Un altro aspetto della ricerca è quello storico-documentale: Buscemi segue il processo di genesi della legge Marcora, che dal gennaio 1973 riconosceva il diritto alla scelta del servizio civile non armato, e della diversa accoglienza della legge da parte delle varie “anime” degli obiettori di coscienza, effettivamente divisi al loro interno da ragioni politiche o da visioni religiose incompatibili fra loro.
E ancora, questo lavoro segue la vicenda dei due criminali nazisti – di Kappler in particolare – e delle continue pretese di rilascio da una prigionia che i due ergastolani considerano ingiusta e addirittura irrispettosa; vengono anche riportati stralci degli interventi in Parlamento di Arrigo Boldrini e di un reportage di Enzo Biagi, in entrambi i quali si chiede conto della imbarazzante disparità di trattamento tra i detenuti “normali” e i due nazisti, cui sono concesse agevolazioni e comodità ingiustificabili.

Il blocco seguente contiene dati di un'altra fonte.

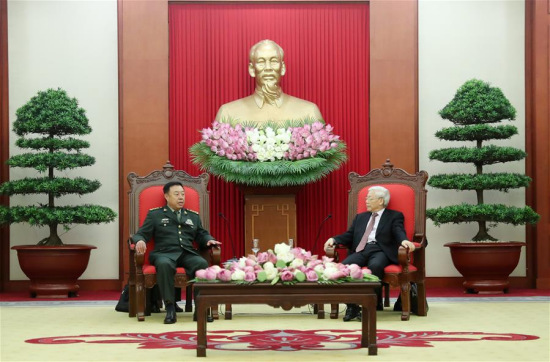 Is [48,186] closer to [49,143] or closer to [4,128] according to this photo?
[49,143]

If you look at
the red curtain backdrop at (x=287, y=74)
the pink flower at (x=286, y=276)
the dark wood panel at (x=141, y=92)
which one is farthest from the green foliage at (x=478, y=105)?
the pink flower at (x=286, y=276)

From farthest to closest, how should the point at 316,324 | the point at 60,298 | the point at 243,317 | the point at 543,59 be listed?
1. the point at 543,59
2. the point at 60,298
3. the point at 243,317
4. the point at 316,324

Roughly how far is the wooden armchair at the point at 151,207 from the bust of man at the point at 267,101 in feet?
4.78

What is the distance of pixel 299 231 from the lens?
9.73 m

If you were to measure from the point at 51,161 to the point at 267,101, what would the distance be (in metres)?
2.13

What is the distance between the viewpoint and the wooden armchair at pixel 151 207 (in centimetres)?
707

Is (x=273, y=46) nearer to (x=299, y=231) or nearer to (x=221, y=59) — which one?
(x=221, y=59)

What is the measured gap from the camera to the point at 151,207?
7652 mm

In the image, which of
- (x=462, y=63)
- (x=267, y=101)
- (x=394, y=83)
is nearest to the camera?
(x=267, y=101)

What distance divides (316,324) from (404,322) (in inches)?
25.3

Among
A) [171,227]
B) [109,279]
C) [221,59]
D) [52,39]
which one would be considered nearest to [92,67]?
[52,39]

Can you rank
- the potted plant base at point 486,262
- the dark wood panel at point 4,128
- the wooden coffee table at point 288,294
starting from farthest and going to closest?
the dark wood panel at point 4,128
the potted plant base at point 486,262
the wooden coffee table at point 288,294

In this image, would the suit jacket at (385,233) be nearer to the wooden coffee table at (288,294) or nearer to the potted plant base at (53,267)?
the wooden coffee table at (288,294)

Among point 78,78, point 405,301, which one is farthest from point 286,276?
point 78,78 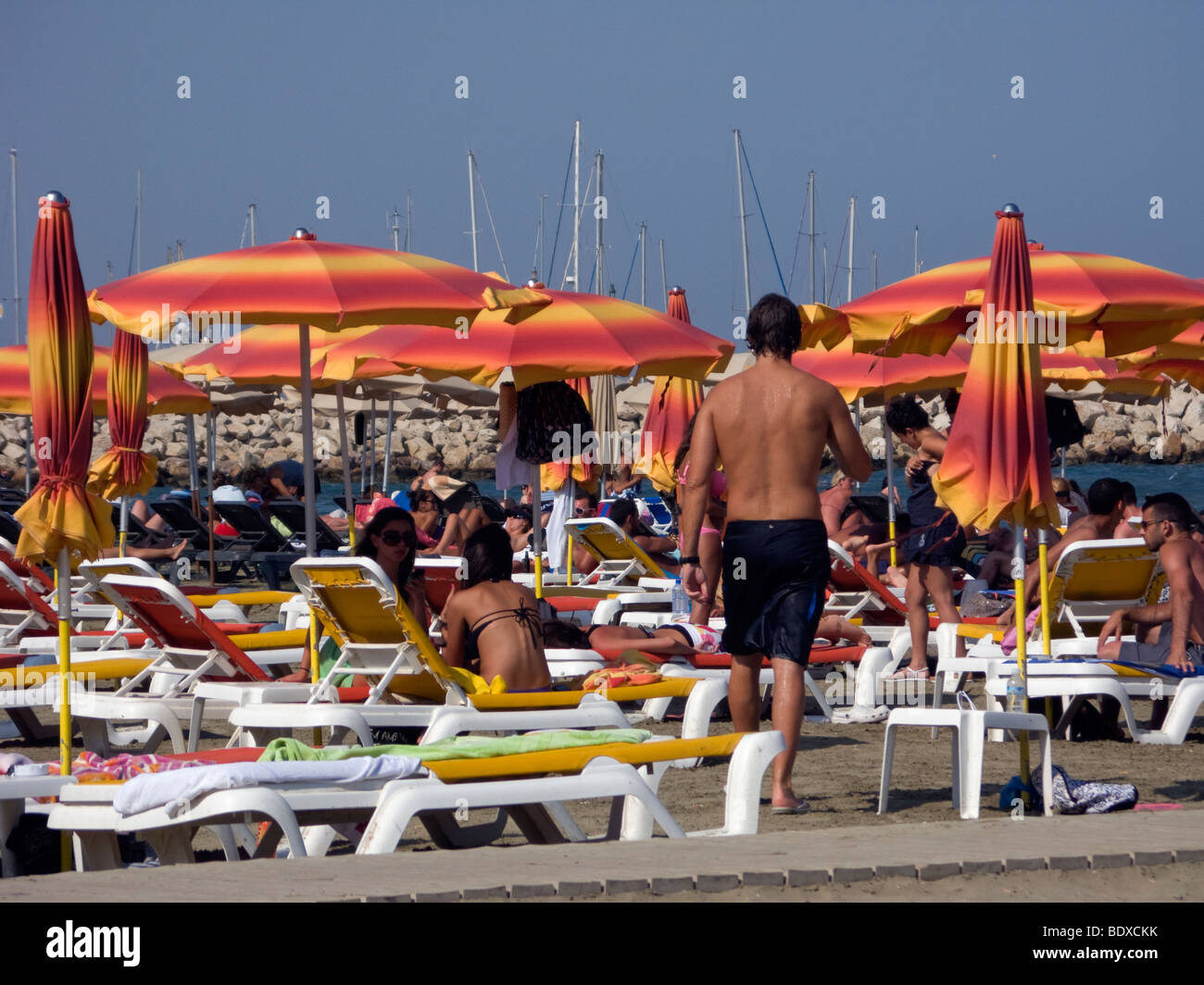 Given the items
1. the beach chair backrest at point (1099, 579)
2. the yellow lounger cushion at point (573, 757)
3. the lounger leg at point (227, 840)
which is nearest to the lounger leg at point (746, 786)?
the yellow lounger cushion at point (573, 757)

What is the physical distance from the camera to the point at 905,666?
8.64 meters

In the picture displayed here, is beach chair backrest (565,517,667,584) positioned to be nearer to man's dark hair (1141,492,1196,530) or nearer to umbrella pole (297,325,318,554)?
umbrella pole (297,325,318,554)

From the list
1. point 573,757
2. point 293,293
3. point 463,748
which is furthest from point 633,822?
point 293,293

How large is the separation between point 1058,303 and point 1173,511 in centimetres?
112

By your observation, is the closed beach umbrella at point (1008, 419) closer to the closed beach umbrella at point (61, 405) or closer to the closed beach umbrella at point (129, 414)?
the closed beach umbrella at point (61, 405)

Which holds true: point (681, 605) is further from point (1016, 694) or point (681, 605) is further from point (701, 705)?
point (1016, 694)

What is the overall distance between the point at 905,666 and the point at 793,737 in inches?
138

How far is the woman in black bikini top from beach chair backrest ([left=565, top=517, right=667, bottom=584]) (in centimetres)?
411

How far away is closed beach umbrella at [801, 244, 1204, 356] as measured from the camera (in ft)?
24.5

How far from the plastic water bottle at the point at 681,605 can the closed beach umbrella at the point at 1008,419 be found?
3.55 m

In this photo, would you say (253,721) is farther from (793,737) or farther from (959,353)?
(959,353)

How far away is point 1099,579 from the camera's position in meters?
7.28

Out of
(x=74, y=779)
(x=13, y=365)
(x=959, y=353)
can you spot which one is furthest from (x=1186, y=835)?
(x=13, y=365)

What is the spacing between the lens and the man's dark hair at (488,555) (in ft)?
20.6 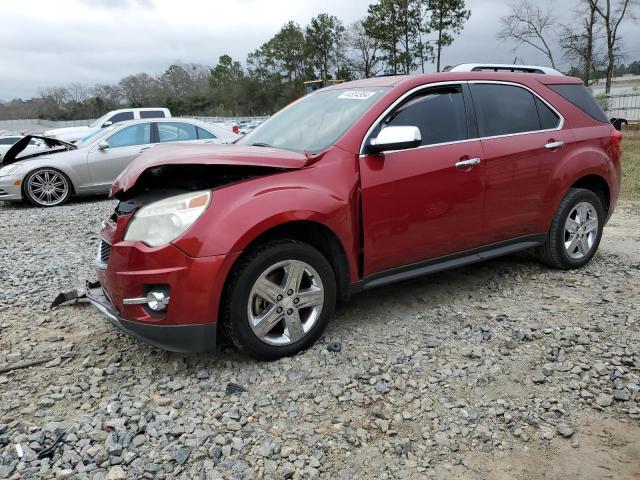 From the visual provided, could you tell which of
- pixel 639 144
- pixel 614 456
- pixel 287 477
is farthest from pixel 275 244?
pixel 639 144

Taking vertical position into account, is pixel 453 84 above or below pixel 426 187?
above

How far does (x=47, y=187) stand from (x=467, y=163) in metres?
8.11

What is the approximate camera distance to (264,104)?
206 ft

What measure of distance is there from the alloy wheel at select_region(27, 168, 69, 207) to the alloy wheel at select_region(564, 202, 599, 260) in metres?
8.37

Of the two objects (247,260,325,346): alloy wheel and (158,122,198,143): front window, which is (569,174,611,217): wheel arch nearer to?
(247,260,325,346): alloy wheel

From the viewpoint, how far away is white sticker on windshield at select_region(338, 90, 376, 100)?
3783 mm

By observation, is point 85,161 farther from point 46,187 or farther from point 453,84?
point 453,84

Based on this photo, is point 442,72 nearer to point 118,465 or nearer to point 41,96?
point 118,465

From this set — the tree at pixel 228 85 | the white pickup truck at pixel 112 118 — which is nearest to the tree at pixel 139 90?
the tree at pixel 228 85

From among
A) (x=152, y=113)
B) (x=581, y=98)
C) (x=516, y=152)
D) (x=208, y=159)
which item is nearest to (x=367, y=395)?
(x=208, y=159)

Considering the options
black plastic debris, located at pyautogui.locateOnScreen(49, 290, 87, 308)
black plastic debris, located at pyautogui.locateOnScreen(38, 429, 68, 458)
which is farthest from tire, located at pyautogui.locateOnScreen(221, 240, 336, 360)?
black plastic debris, located at pyautogui.locateOnScreen(49, 290, 87, 308)

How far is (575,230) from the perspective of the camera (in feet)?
15.6

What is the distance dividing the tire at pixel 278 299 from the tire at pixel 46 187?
303 inches

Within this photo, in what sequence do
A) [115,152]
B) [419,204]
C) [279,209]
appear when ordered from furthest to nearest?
1. [115,152]
2. [419,204]
3. [279,209] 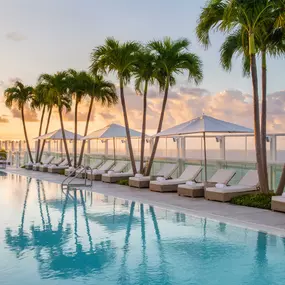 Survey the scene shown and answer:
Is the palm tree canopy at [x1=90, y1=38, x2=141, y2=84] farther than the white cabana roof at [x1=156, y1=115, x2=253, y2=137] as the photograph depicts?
Yes

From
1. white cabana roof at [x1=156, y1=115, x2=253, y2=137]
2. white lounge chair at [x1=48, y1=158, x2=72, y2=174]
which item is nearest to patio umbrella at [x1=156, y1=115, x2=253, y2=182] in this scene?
white cabana roof at [x1=156, y1=115, x2=253, y2=137]

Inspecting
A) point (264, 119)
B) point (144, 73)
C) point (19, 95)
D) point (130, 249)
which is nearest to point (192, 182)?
point (264, 119)

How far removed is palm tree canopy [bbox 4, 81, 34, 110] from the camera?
29.6 meters

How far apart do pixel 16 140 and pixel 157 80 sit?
2043cm

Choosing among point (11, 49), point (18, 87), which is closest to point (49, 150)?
point (18, 87)

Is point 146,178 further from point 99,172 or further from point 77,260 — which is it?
point 77,260

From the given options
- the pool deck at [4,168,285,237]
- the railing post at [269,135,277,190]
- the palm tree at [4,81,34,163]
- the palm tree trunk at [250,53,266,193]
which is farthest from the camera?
the palm tree at [4,81,34,163]

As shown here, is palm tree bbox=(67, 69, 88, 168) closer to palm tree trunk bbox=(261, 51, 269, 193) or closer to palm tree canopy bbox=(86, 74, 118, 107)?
palm tree canopy bbox=(86, 74, 118, 107)

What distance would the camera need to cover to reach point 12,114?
3503 cm

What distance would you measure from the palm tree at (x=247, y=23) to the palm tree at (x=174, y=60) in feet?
13.9

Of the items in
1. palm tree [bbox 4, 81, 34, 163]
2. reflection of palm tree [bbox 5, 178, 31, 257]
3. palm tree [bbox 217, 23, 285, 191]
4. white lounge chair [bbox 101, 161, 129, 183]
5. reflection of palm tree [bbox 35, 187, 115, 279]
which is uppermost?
palm tree [bbox 4, 81, 34, 163]

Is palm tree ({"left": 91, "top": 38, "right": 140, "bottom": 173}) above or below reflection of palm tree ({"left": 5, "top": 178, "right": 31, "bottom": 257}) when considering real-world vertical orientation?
above

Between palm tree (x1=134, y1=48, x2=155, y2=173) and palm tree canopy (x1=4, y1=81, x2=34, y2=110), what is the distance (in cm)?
1460

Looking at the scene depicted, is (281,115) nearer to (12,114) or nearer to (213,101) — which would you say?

In definitiva, L’attendente del diavolo è un testo ben scritto, puntualmente documentato e ricco di temi importanti quali la memoria, il perdono, la giustizia, il rispetto dell’altro, la coerenza con i valori, l’onestà verso se stessi; il lavoro fatto da Buscemi nel mettere in relazione tutti questi aspetti produce un romanzo eccellente e di grande leggibilità, e soprattutto riprende e riconduce alla memoria avvenimenti che nel bene e nel male hanno segnato il processo evolutivo del nostro Paese.